Assignment: Take the line with "Mercedes-AMG GT R Pro wallpaper" as the first and the last line of the data as the end. Write out both and every line between exactly, except pictures.
[[ Data for analysis open ]]
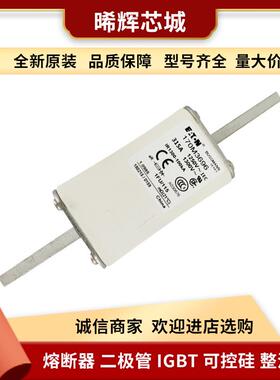 优惠 170M3461 170M3462现货 低压快速熔断器型号齐全 标准封装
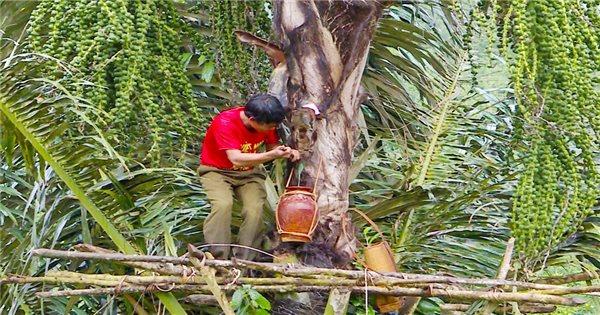 Nằm mơ thấy lươn đánh số gì? Giải mã giấc mơ chuẩn xác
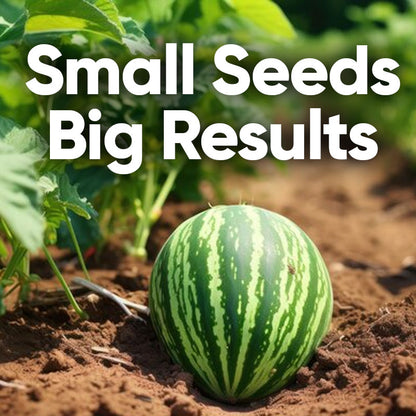 Watermelon Seeds - 100%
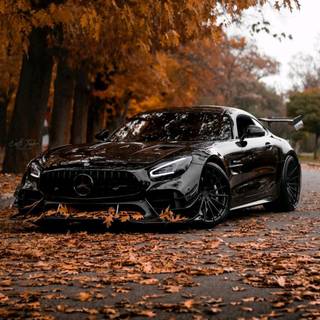 Mercedes-AMG GT R Pro wallpaper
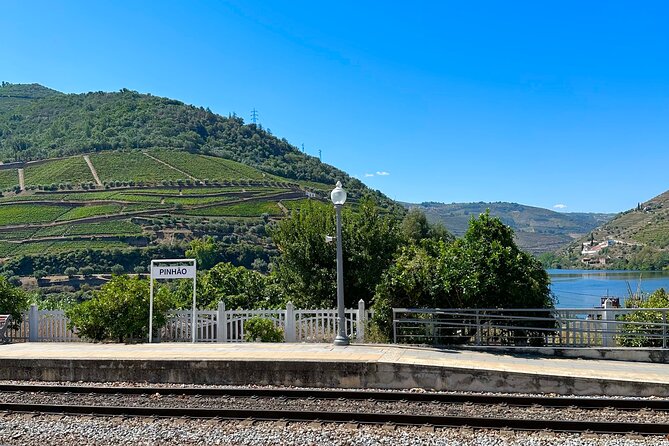 Private Douro Valley Winery Tour and River Cruise w/ Mercedes SUV - Miradouro Torguiano stop: terraced vineyards and river views up close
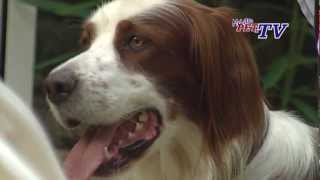 Irish Red and White Setter Informationen zur Rasse [upl. by Allianora]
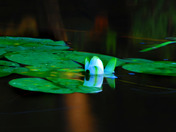Water Lilly closed up for the day
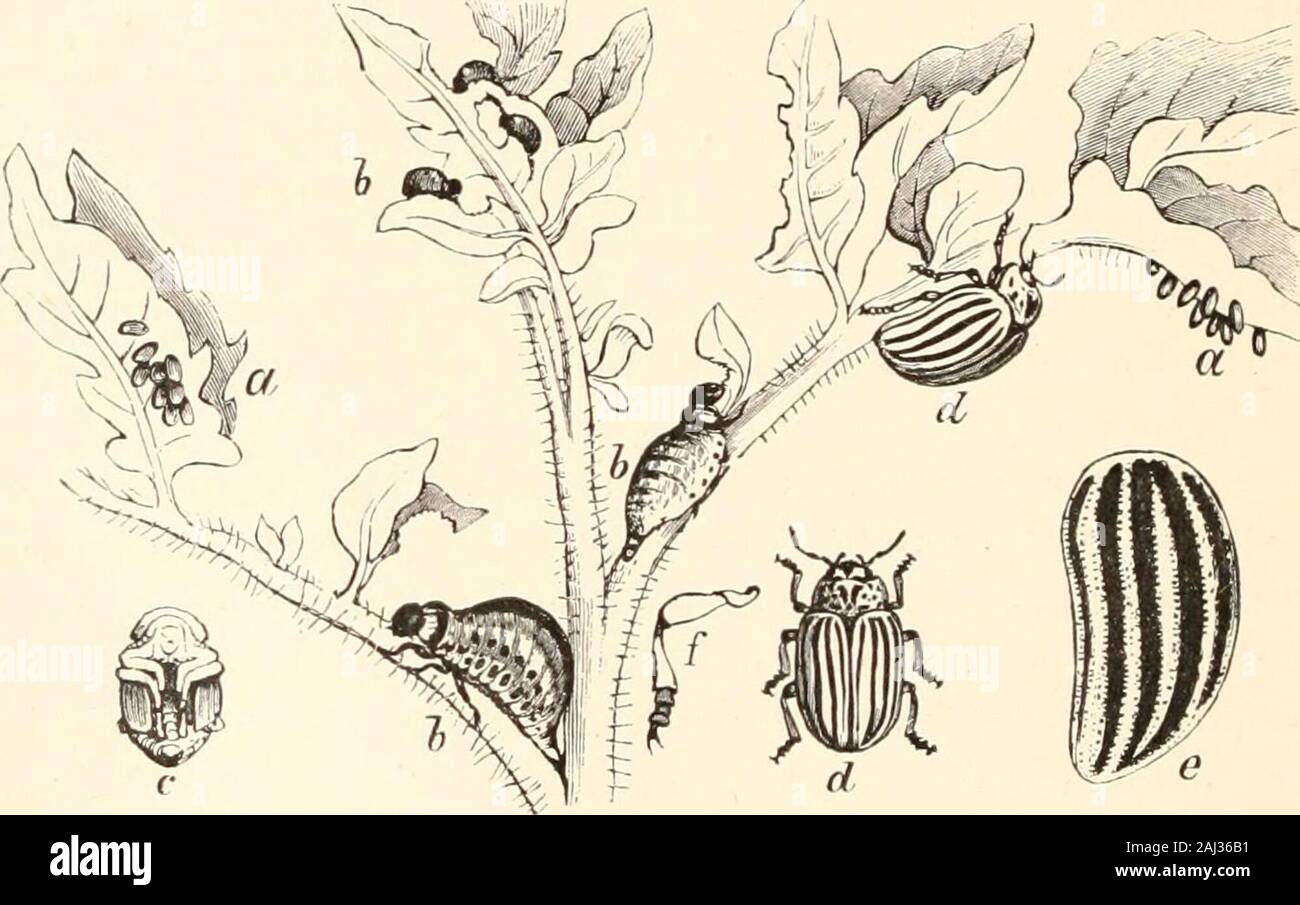 Guida per lo studio di insetti e di un trattato di quelle pratiche pregiudizievoli e benefica per colture: per l'uso di istituti, fattoria-scuola, e agricoltori . Fijr. 5(Xi. Thi Colorado potato beetle, drii]&GT;lir&lt;i dwcm-lineatu dire(Fig. 50G ; un, uova ; h. le larve in diversi stadi di crescita ;c. tlu- pupa ; (7, beetle ; e, elytron, ingrandite ; /. gamba, ingrandite)ha gradualmente diffusione verso est per quanto riguarda indiana, da habitat itsoriginal in Colorado, diventati molto destructiveto la patata-vite. Diventa un coleottero entro un mese afterhatching dal giallastro uova; la larva è pallido yellowwith Foto Stock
[[ Data for analysis closed ]]
Expected output:
 Mercedes-AMG GT R Pro wallpaper
 Private Douro Valley Winery Tour and River Cruise w/ Mercedes SUV - Miradouro Torguiano stop: terraced vineyards and river views up close
 Irish Red and White Setter Informationen zur Rasse [upl. by Allianora]
Water Lilly closed up for the day
 Guida per lo studio di insetti e di un trattato di quelle pratiche pregiudizievoli e benefica per colture: per l'uso di istituti, fattoria-scuola, e agricoltori . Fijr. 5(Xi. Thi Colorado potato beetle, drii]&GT;lir&lt;i dwcm-lineatu dire(Fig. 50G ; un, uova ; h. le larve in diversi stadi di crescita ;c. tlu- pupa ; (7, beetle ; e, elytron, ingrandite ; /. gamba, ingrandite)ha gradualmente diffusione verso est per quanto riguarda indiana, da habitat itsoriginal in Colorado, diventati molto destructiveto la patata-vite. Diventa un coleottero entro un mese afterhatching dal giallastro uova; la larva è pallido yellowwith Foto Stock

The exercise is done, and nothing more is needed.